Task instructions:
Leave out the pictures and retype exactly the lines from the one with "Tyr Big Mesh" through the end of the records.

Data shown:
.....

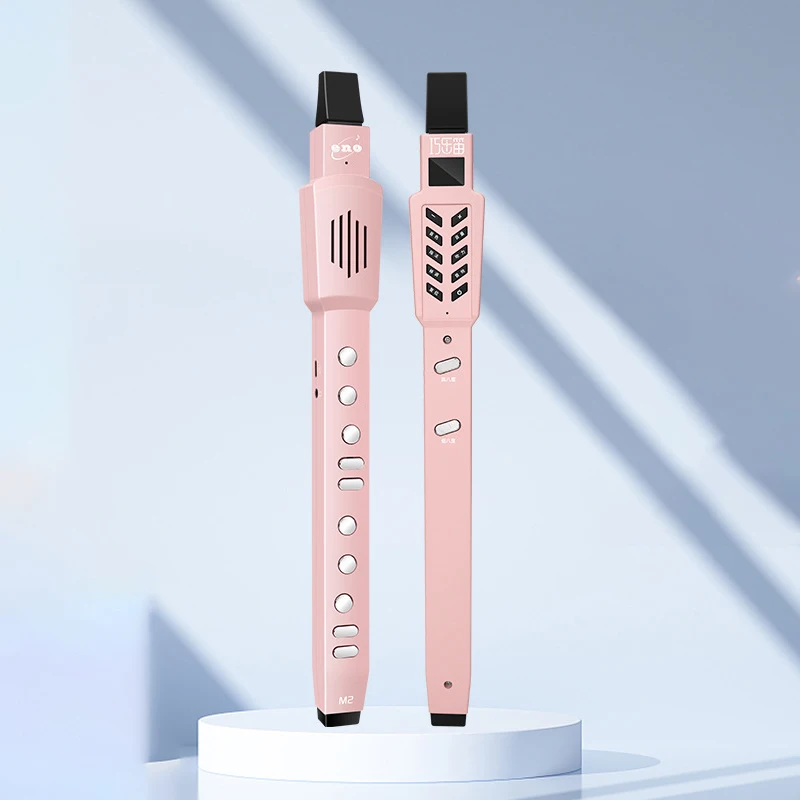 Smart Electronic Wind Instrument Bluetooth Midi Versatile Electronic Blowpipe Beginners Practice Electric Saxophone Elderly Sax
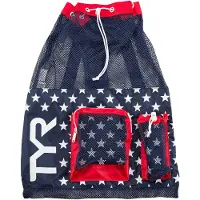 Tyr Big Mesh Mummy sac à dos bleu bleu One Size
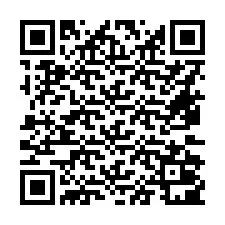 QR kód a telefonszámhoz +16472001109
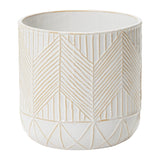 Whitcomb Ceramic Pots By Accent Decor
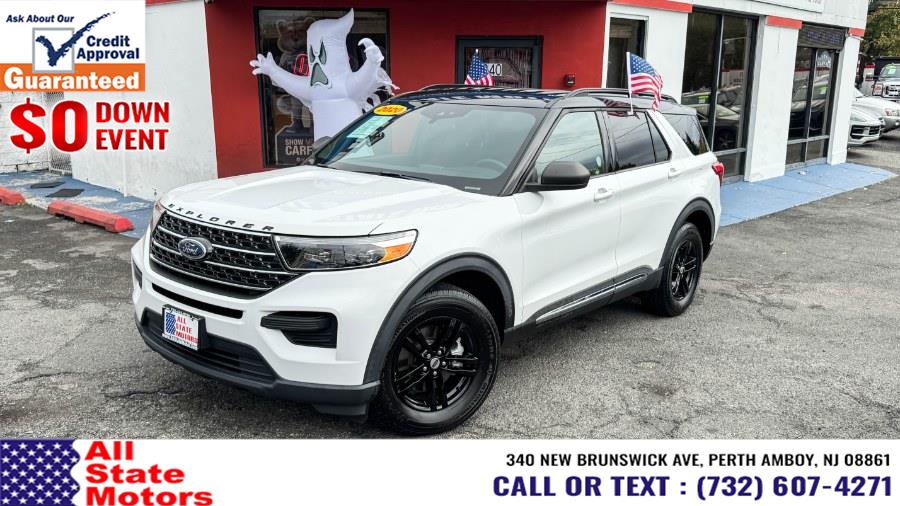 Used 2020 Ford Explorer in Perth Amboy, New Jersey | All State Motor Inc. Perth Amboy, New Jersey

.....

Exercise solution:
 Tyr Big Mesh Mummy sac à dos bleu bleu One Size
 QR kód a telefonszámhoz +16472001109
 Whitcomb Ceramic Pots By Accent Decor
 Used 2020 Ford Explorer in Perth Amboy, New Jersey | All State Motor Inc. Perth Amboy, New Jersey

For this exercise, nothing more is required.